Once the vulnerability is exploited, an attacker may gain:
- Complete control over the inference node, including OS‑level command execution.
- Pivot access into internal services and network segments reachable from the compromised host.
- Theft, tampering, or poisoning of training and production datasets, with direct impact on model integrity.
- Abuse of expensive compute resources (GPU/CPU) for cryptomining, password cracking, or further attacks.
- Manipulation of robot behavior by altering control policies, observations, or actions delivered to robots.
In robotics, the risk is not limited to data or infrastructure. Compromised robots in industrial, logistics, or medical environments introduce the possibility of physical safety incidents if an attacker can influence movement, force, or task execution.
Discovery timeline and LeRobot project response
The vulnerability was discovered by security researcher Valentin Lobstein of VulnCheck, who published a technical analysis and confirmed exploitation against LeRobot 0.4.3. At the time of reporting, a fix had not yet been released; maintainers indicated that remediation is planned for the 0.6.0 branch, requiring substantial refactoring of the affected components.
A similar defect was independently reported earlier, in December 2025, by a researcher using the pseudonym “chenpinji”. The LeRobot team acknowledged the severity in January, noting that the responsible code was originally experimental and would need to be almost completely redesigned to meet production‑grade security requirements.
LeRobot’s technical lead, Steven Palma, emphasized that the framework has historically been treated as a research and prototyping tool, not as a hardened production platform. As adoption in real‑world deployments grows, the project plans to increase its focus on secure development practices and leverage the open‑source community to identify and remediate vulnerabilities more quickly.

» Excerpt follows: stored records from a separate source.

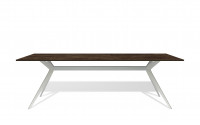 
Table top material: Ceramic Brown Emperador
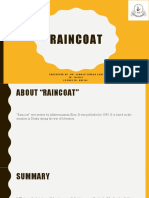RAINCOAT PPT Presentation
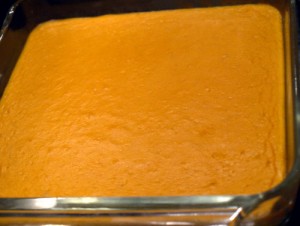 Read more about the article Sweet potato custard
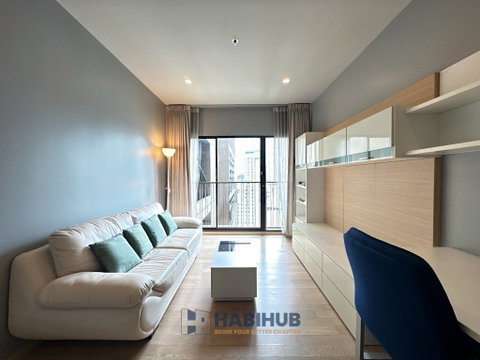🏙️✨ Noble Refine | Central Sukhumvit condo, near BTS Phrom Phong  (HBH-HL-96) 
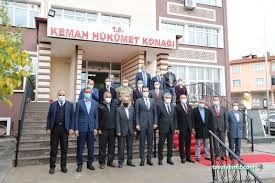 Kemah Kaymakamlığı Kemah Kaymakamlığı
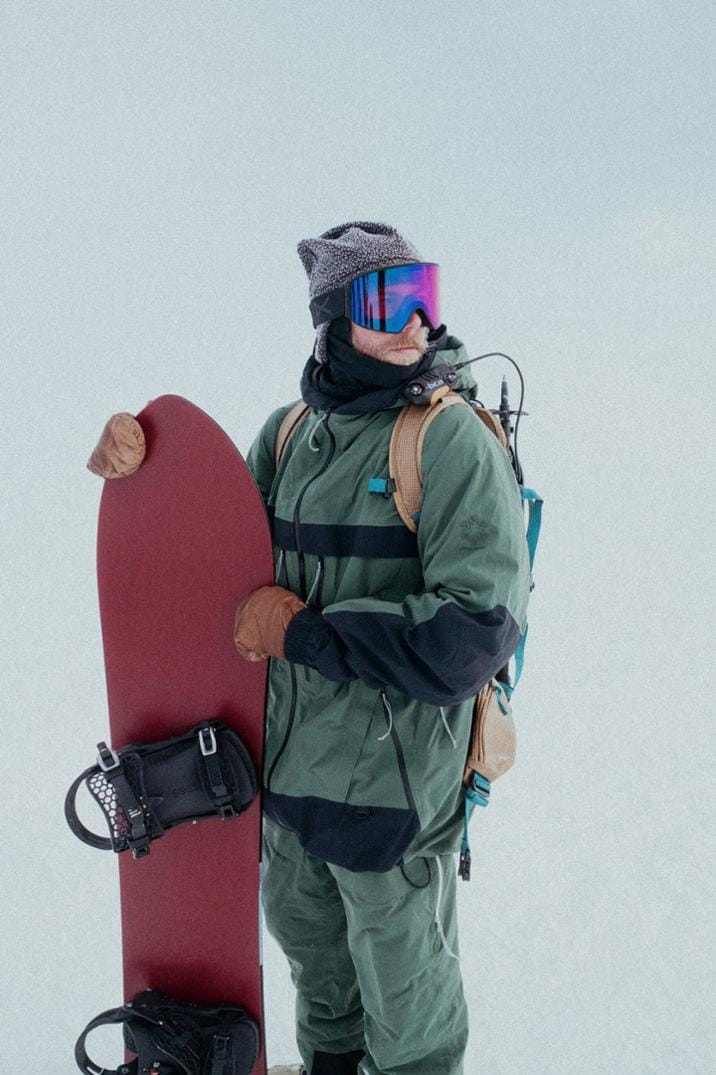 Location Image for Off Grid Steibis Shell Jacket - Men's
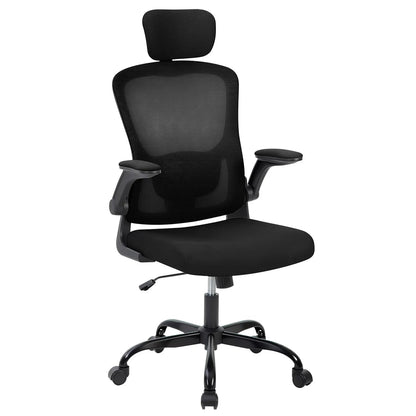 Chaise de bureau moderne et simple - vente privée 14:200004889Black;200007763:203372089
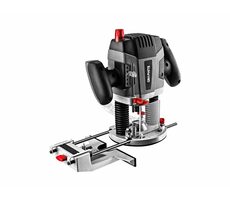 Graphite 59G717 / Oberfräse / 1300W / 8 - 12 mm / 11000 - 28000 U/min / Tiefe 55 mm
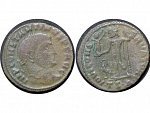 Řím - Císařství - Constantinus I., Magnus 306 - 337 n.l. - Malý Follis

Pickle under scrutiny and the Safetensors irony
CVE-2026-25874 reinforces a long‑standing lesson in application security: pickle must never be used with untrusted or network-supplied data. Any file, message, or stream that is deserialized without strict validation and isolation can become a direct RCE vector.
The case is particularly notable because Hugging Face previously introduced Safetensors, a format explicitly designed as a safe alternative to pickle for storing machine learning models and tensors. Yet in the LeRobot robotics framework, network-facing code paths still rely on pickle.loads(), reportedly even suppressing warnings from static analysis tools in the process.
Mitigation guidance for AI and robotics deployments
For developers and organizations deploying LeRobot or similar AI/robotics frameworks, several security practices are essential:
- Avoid pickle for untrusted input. Use formats that do not support arbitrary code execution, such as JSON, Protocol Buffers, CBOR, or Safetensors.
- Enforce authentication and encryption (TLS or mTLS) on gRPC and other control channels to prevent unauthenticated access and eavesdropping.
- Restrict network exposure of PolicyServer and inference endpoints using firewalls, service meshes, or private networks.
- Apply least privilege to service accounts, containers, and hosts so that a compromise has minimal blast radius.
- Monitor for anomalous activity, including unusual outbound connections, elevated resource usage, and unexpected process execution on inference nodes.
As AI and robotics move from labs into production, security must be treated as a first‑class requirement, not an afterthought. Organizations relying on LeRobot should closely track the upcoming 0.6.0 fixes, limit exposure of vulnerable components, and review their entire AI stack for unsafe deserialization and weak network controls. Building secure AI‑driven robotics now will significantly reduce the likelihood that the next critical CVE turns into a real‑world security or safety incident.